A temperança e a aspereza do sertão nordestino sempre permearam a música de Xangai, mas o que nem todo mundo desconfia é que o cantor baiano, nascido Eugênio Avelino, foi criado em Nanuque, no norte de Minas Gerais, onde seu pai possuía uma sorveteria com o nome da maior cidade da China que, desde criança, passou a lhe servir de apelido. 

No último dia 20 de março, o cantador completou 70 anos, a questão geográfica volta a marcar o novo trabalho do violeiro, cuja coerência artística estabeleceu uma linha de corte profunda e radical entre ele e o mercado fonográfico. Herdeiro de uma linhagem típica que tem em Elomar o seu principal representante, Xangai presta tributo a compositores essenciais em “Cantingueiros”.

Originalmente uma série visual disponibilizada na internet, a empreitada se vale de um trocadilho no título para homenagear tanto a caatinga quanto o ofício de cantador. As 12 faixas do disco assimilam músicas do repertório de Elomar, Bule Bule, Mateus Aleluia e Gordurinha que, em comum, trazem a Bahia como Estado natal. O cuidado na identidade do lançamento se faz notar logo pela capa, com um bonito projeto xilográfico de Gabriel Leite que destaca a figura do Sol e, em sua contracapa, a de um retirante montado num cavalo.

Cantigas. Repentista e autor de obras de cordel, o sertanejo Bule Bule é, de fato, o menos conhecido dentre os que comparecem no álbum. A afirmação é comprovada pelo “salve” do próprio Xangai ao compositor no final da cantiga que abre o disco, “Cancela do Sossego”, lírica narrativa sobre a paisagem interiorana. Para abrir ainda mais espaço ao cantor e instrumentista, Bule Bule é convidado a participar em “A Máquina de Lavar Roupa” e “Que Moça Bonita é Aquela”, essa segunda com toda a malícia característica das músicas de duplo sentido. A saudação a Elomar começa com “Puluxia das Sete Portas”, e acrescenta o sotaque de trovador pelo qual o autor ficou conhecido.

Ainda assim, “A Meu Deus um Canto Novo” e “Incelença do Amor Retirante” mantém o trabalho fixo sobre os ares da ruralidade. “Promessa ao Gantois”, “Deixa a Gira Girar” e “Cordeiro de Nanã”, parcerias de Mateus Aleluia com Dadinho, companheiro do grupo Os Tincoãs, sublinham a presença da religiosidade africana junto ao sertanejo.
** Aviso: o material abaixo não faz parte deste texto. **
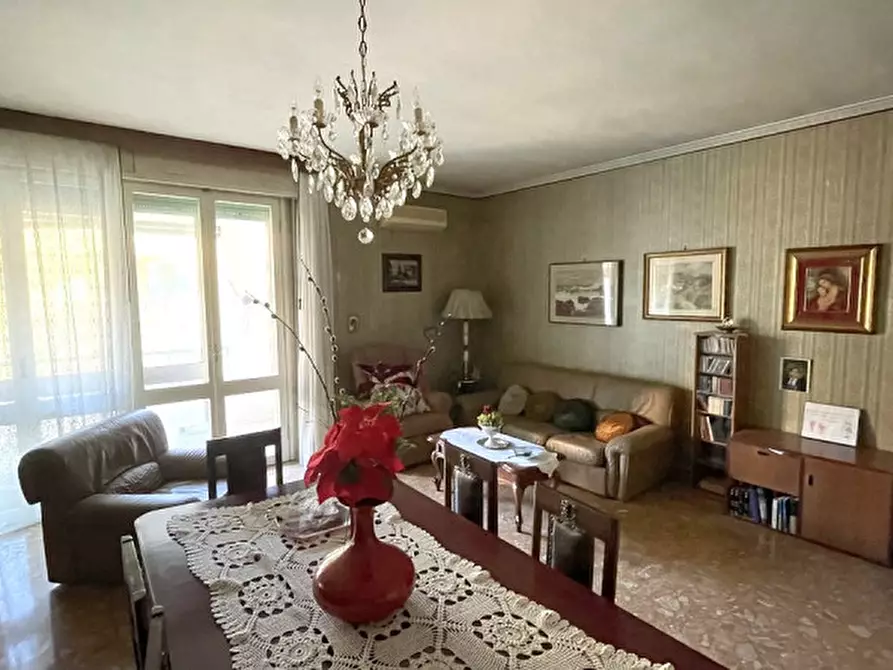 Immagine 2 di Appartamento in vendita  in Piazza De Gasperi a Chioggia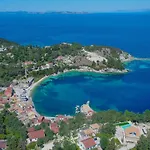 Villa Lemonita: Brand New, Sea Views, Wifi, Near Loggos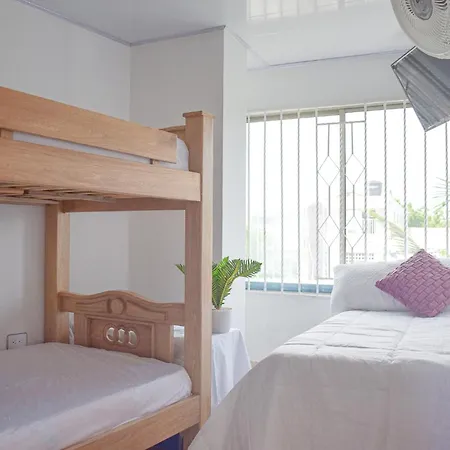 Montegezirim Beach House *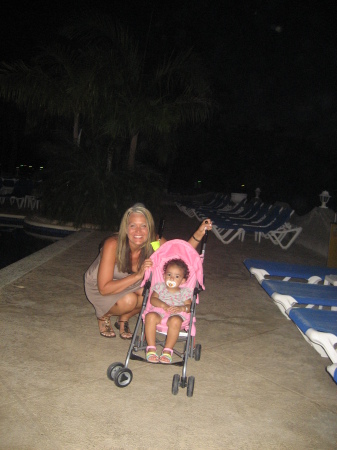 Michelle Squires Photo 17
O ritmo do trabalho muda de rota quando são convocadas ao baile três canções lançadas por Gordurinha, no caso “Súplica Cearense”, “Orora Analfabeta”, ambas de sua autoria, e “Mambo da Cantareira”, de Barbosa da Silva e Eloide Warthon, mas eternizada no registro do cantor falecido em 1969, o único dos louvados que não está mais vivo. Se em “Súplica Cearense” a paisagem permanece rural, o mesmo não se pode dizer das seguintes, que, com ginga e suingue, conduzem o ouvinte a uma ambientação urbana.

Dada a graça cômica e a qualidade instrumental das derradeiras faixas, esse deslize estético acaba por suscitar a vontade em conhecer mais do canto de Xangai junto a outras paragens que ele, por hábito, se acostumou a deixar de lado. Ora, nunca é tarde.